2026年5月25日月曜日

2026.05.25 理想の鉛筆使い

● ぼくがイメージする理想の鉛筆使いとは,三菱9800かトンボ8900といった,ごくありふれた普通の鉛筆を,淡々とかつ粛々と使い続けている人だ。
 Hi-uni や MONO100ではなく,まして BLACKWING やパーフェクトペンシルといった際物でもなく,普通に小学生や中学生が使っていそうな9800や8900をあたりまえのように使っている人。

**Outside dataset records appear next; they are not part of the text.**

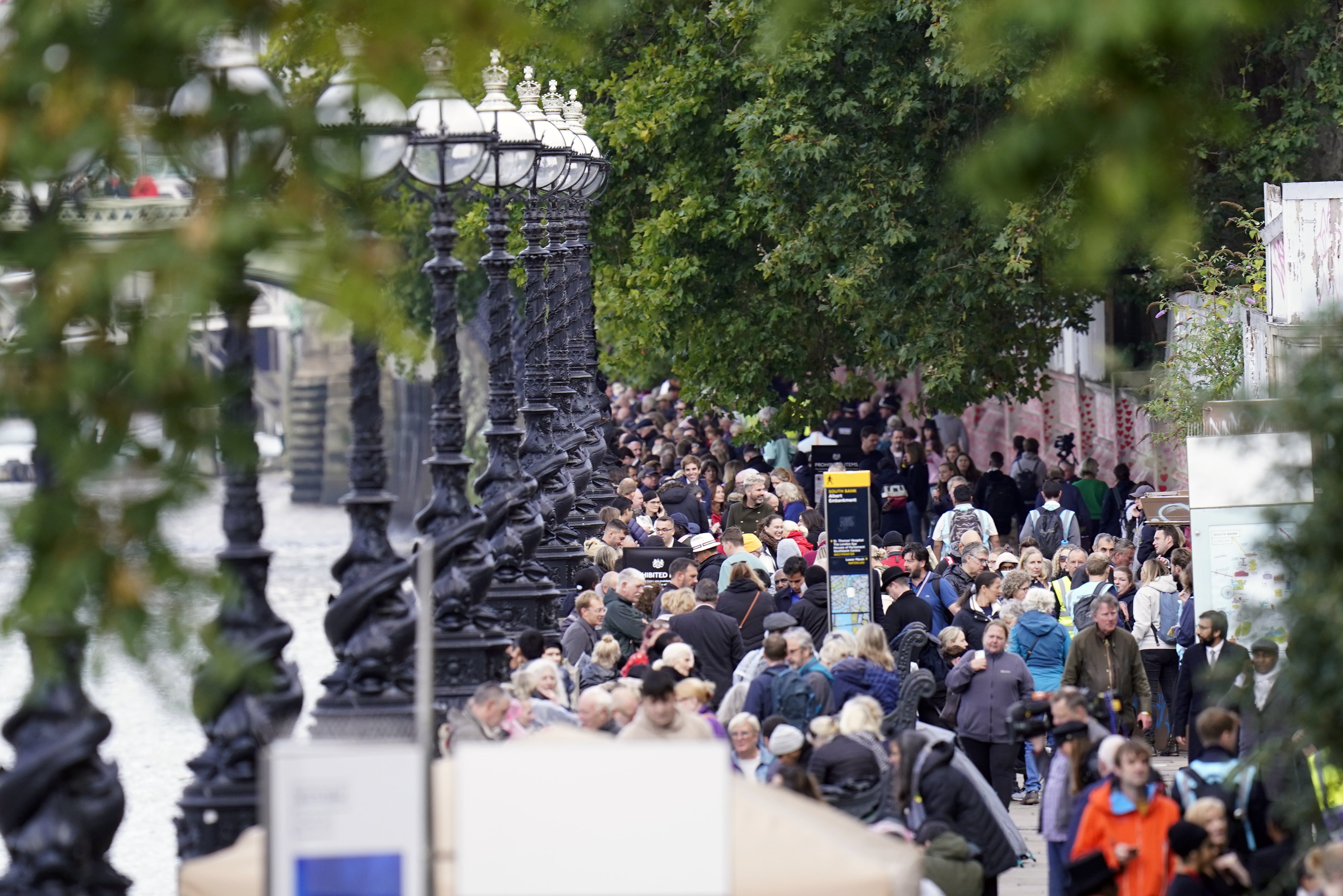 Members of the public wait in the queue near Lambeth Bridge in central London, to view Queen Elizabeth II lying in state (Danny Lawson/PA)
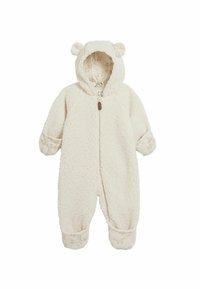 Creme fleece heldragt med hætte, der har bjørneører, frontlynlås og tekstureret overdels. Kanten har et subtilt dyreprint mønster.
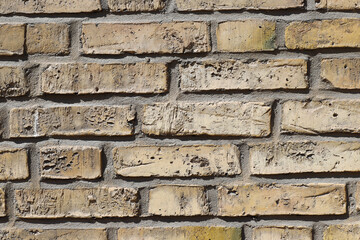 Close-up of an yellow old brick wall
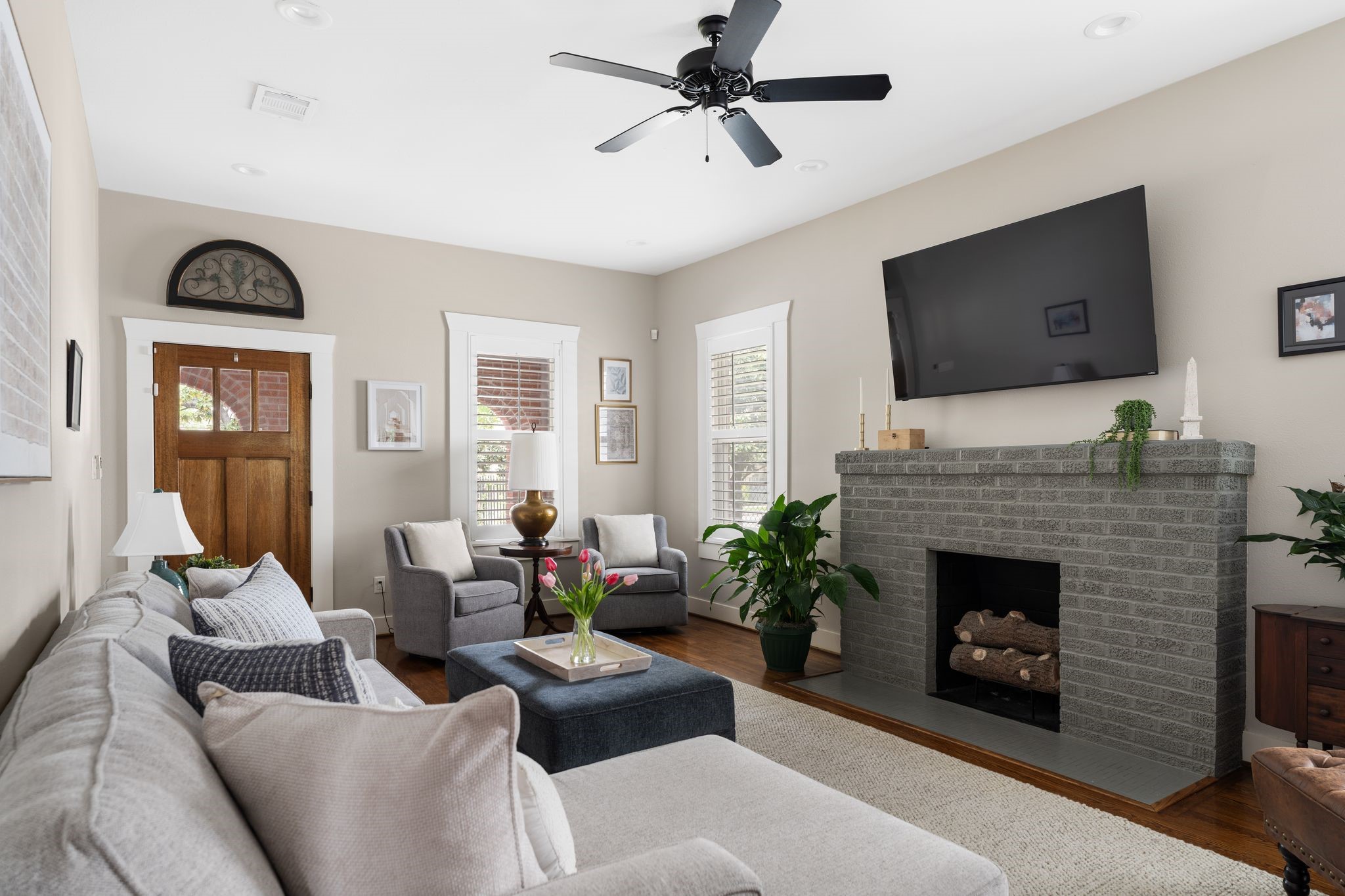 3206 Morrison Street Houston, TX 77009 - Photo 5 of 30 The living room’s mock fireplace serves as a cozy focal point.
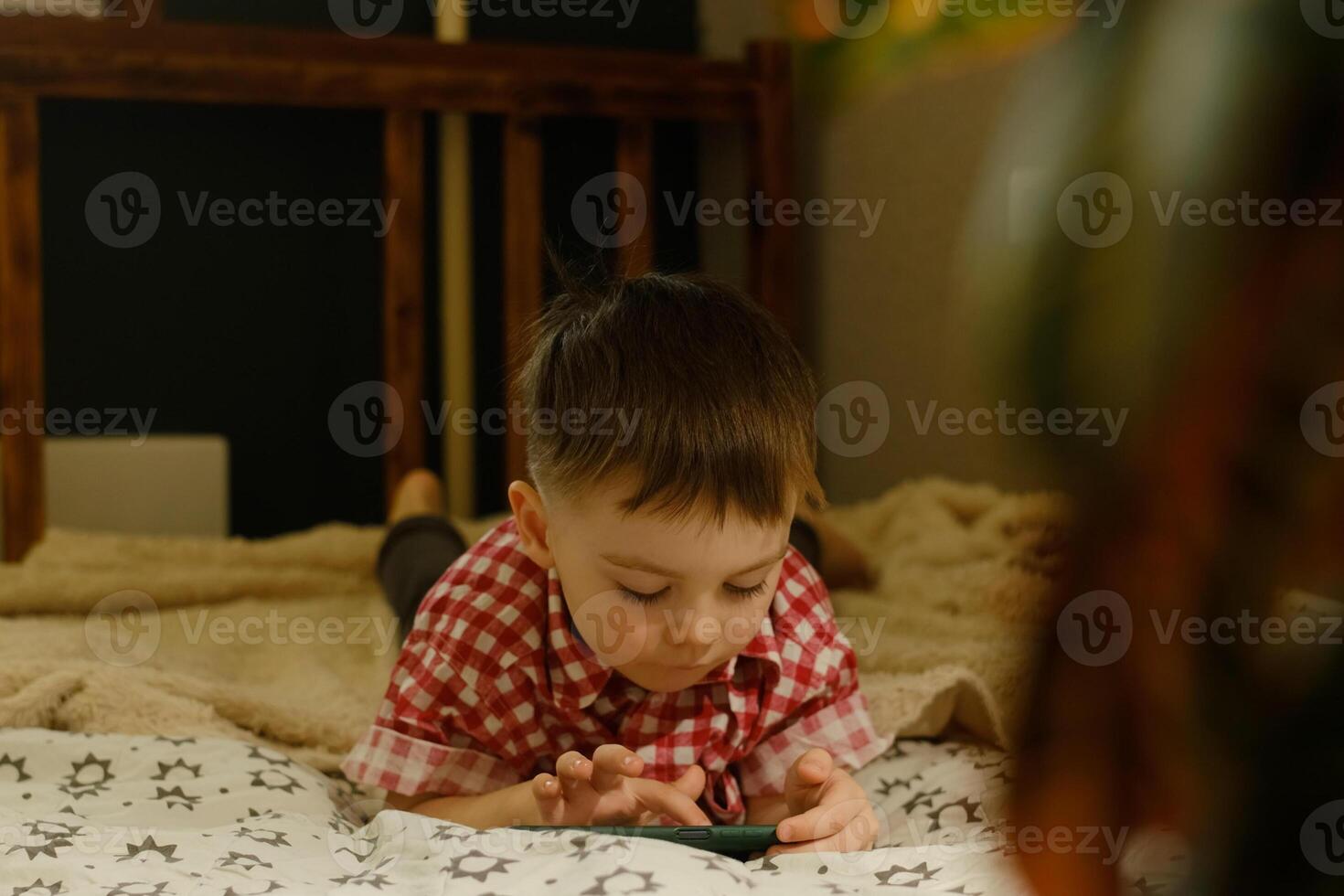 Kid is enjoying games on mobile phone, relaxing on bed at home photo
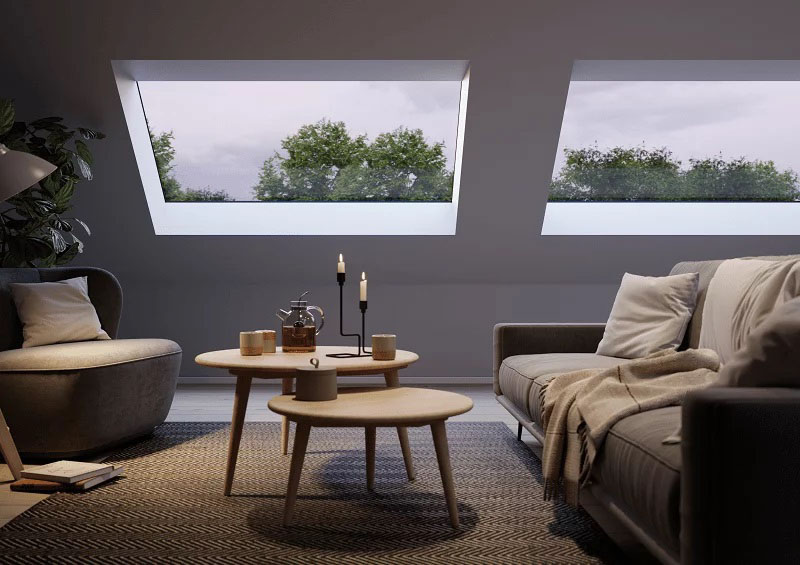 Cosy living area, at evening time, with large pitched rooflight and candles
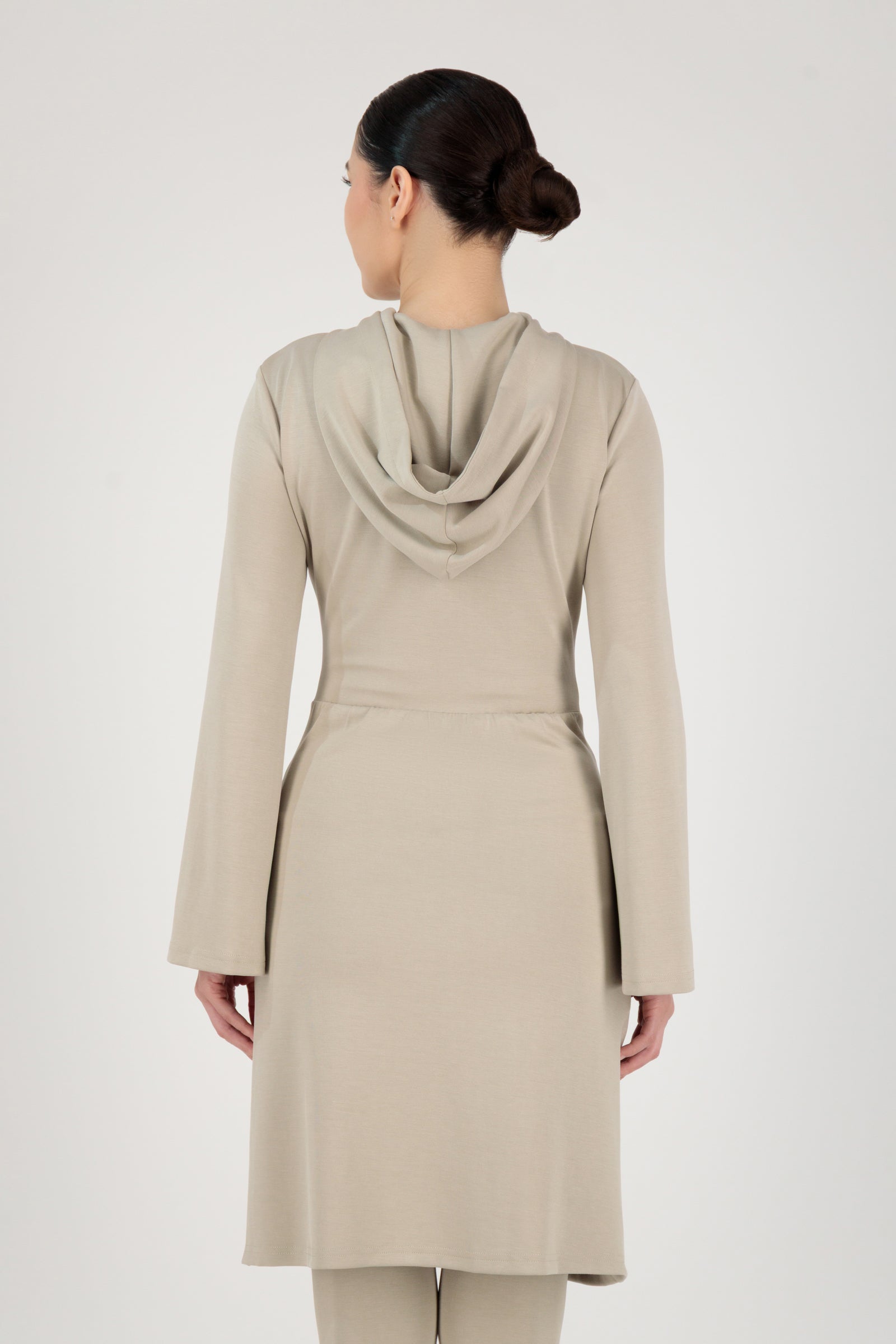 Back view of the FARES Buttery Gathered Waist Long Hoodie in Stone highlighting clean lines and a relaxed fit designed for everyday hoodies for women.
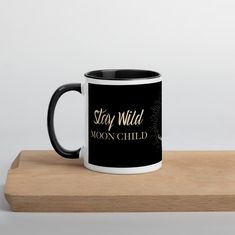 a black and white coffee mug with the words stay wild, moon child on it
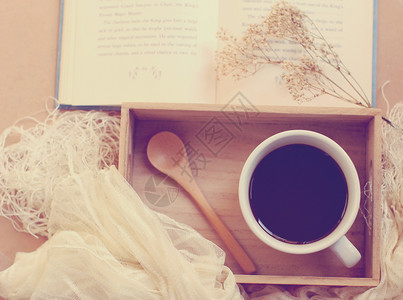 黑咖啡和勺子放在木托盘上带有书本反转过滤效果图片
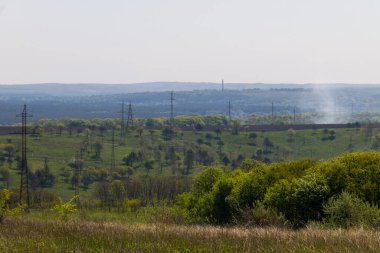 Enerji hatları, yeşil tepeler ve ağaçlarla dolu yaz manzarası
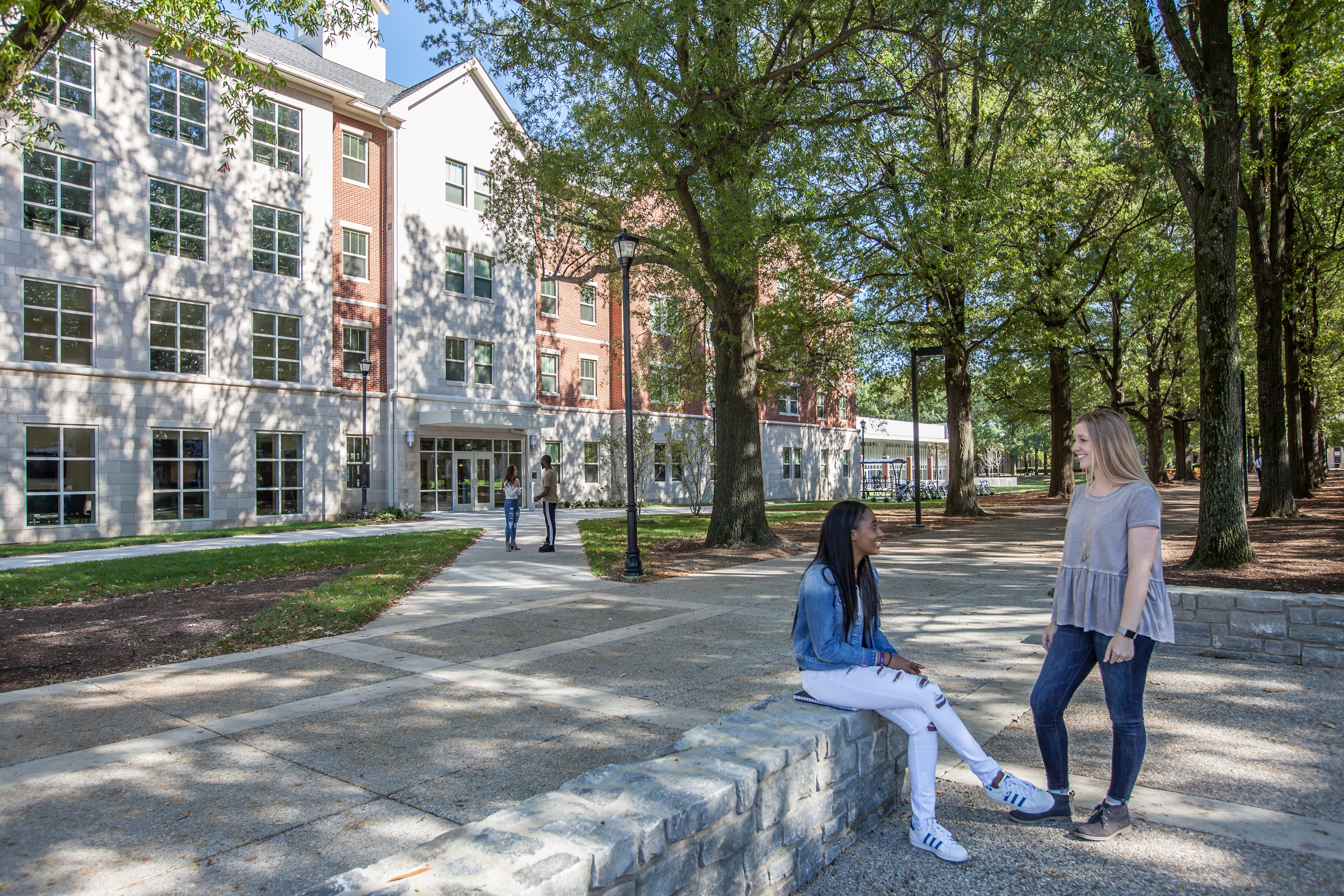 Photo of students sitting on wall outside of Lewis Hall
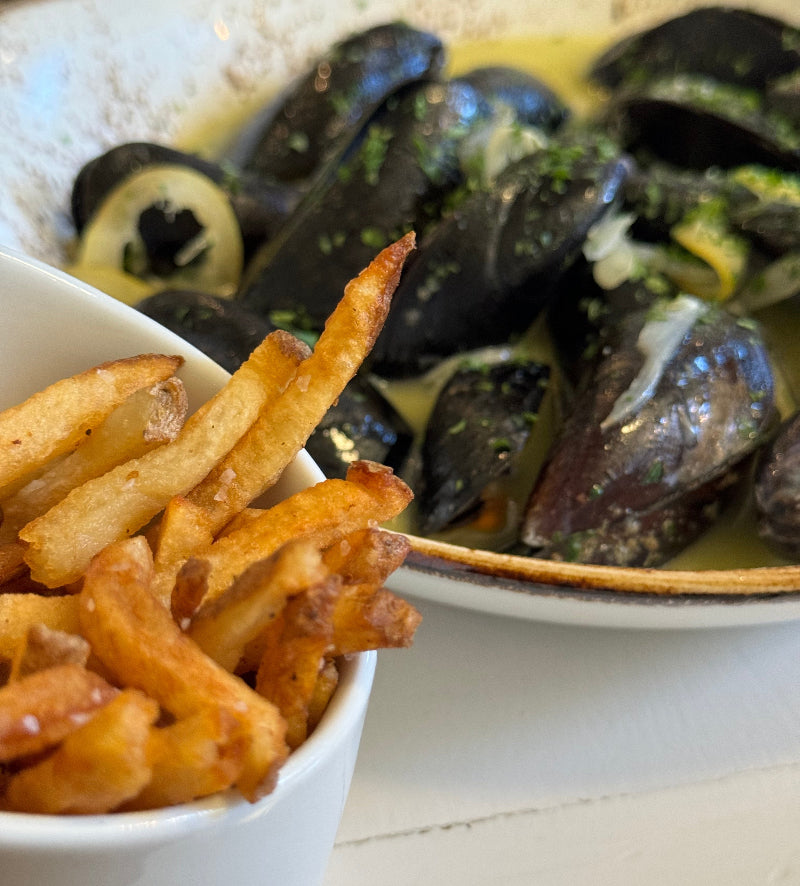 A close-up of crispy golden French fries in a white bowl next to a plate of steamed mussels in a creamy sauce, garnished with chopped herbs.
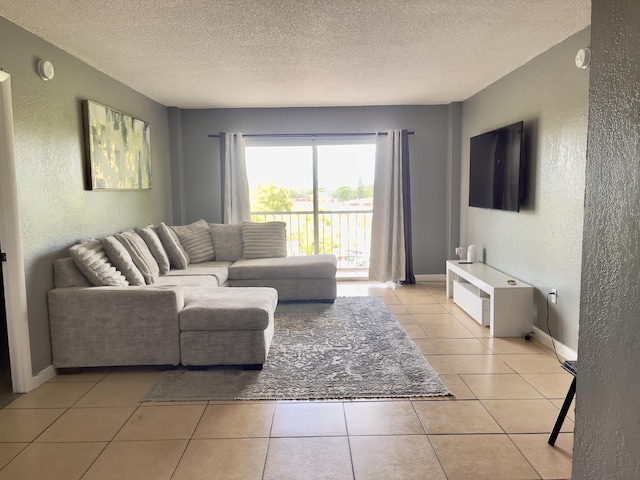 4172 Inverrary Dr Unit 507, Lauderhill, FL 33319 - living room with baseboards, a textured ceiling, a textured wall, and light tile patterned floors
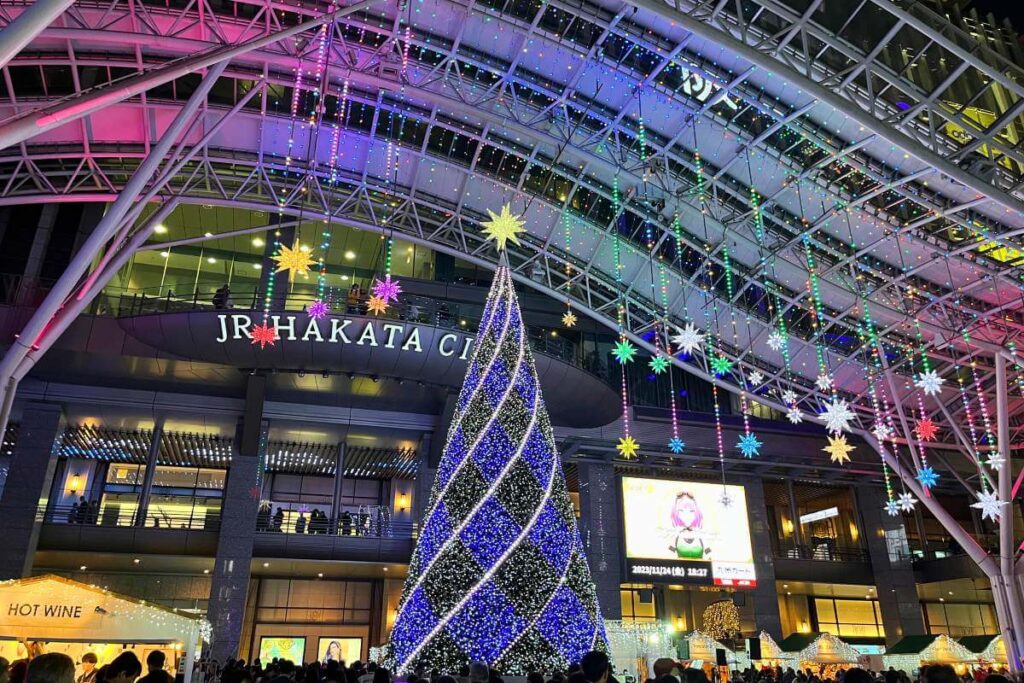 Hakata Fukuoka Christmas Market in Japan JR Hakata Train Station decorated with Christmas lights and a large Christmas tree out front.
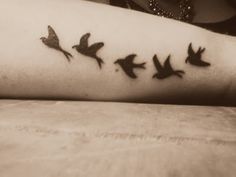 a woman's arm with birds on it and the word love written in black ink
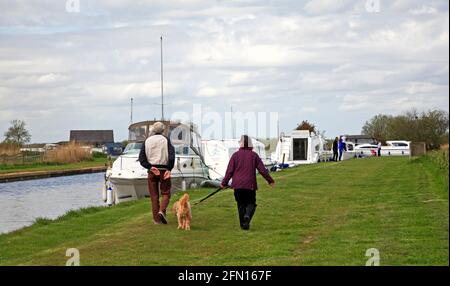 A senior couple walking their dog on a public footpath by Thurne Dyke on the Norfolk Broads at Thurne, Norfolk, England, United Kingdom. Stock Photo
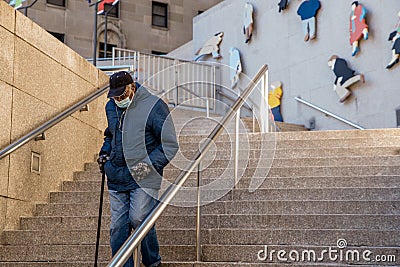 TORONTO, CANADA - JANUARY 23, 2021: OLDER MAN WEARING MASK ON STEPS DURING COVID-19 PANDEMIC. Editorial Stock Photo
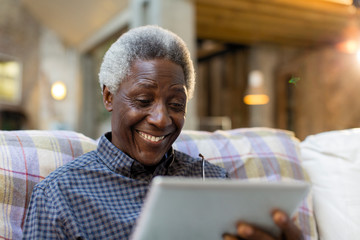 Smiling senior man using digital tablet on sofa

● SNS で鉛筆の書き味比べなんぞという不粋なマネは間違ってもしない。鉛筆の個人品評会は行わない。ノーガキを垂れるようなバカ丸出しはしない。
 9800や8900を使って,着々と成果物を積み上げている。

● ぼく一個は,鉛筆でありさえすればどれでもいいと思うに至っているのだが,つまり10本110円で売られている百均中華鉛筆でも問題ないと思っているのだが,理想の鉛筆使いは10円の鉛筆は使わない。100円ショップで文具を買うという発想がない。
 高価でもなく,かといって極端に安いのでもなく,9800や8900を使っている。

● 文具店に普通に置いてあるから,それを使っているたいったふうだ。鉛筆じたい興味があるわけではないから,いい鉛筆はないかと探すことはあるけれども,細かな差異に振り回されることはない。
 安さを求めることにもさほどに熱心ではない。そんなことに時間とエネルギーを費やすなんて,思いもしない。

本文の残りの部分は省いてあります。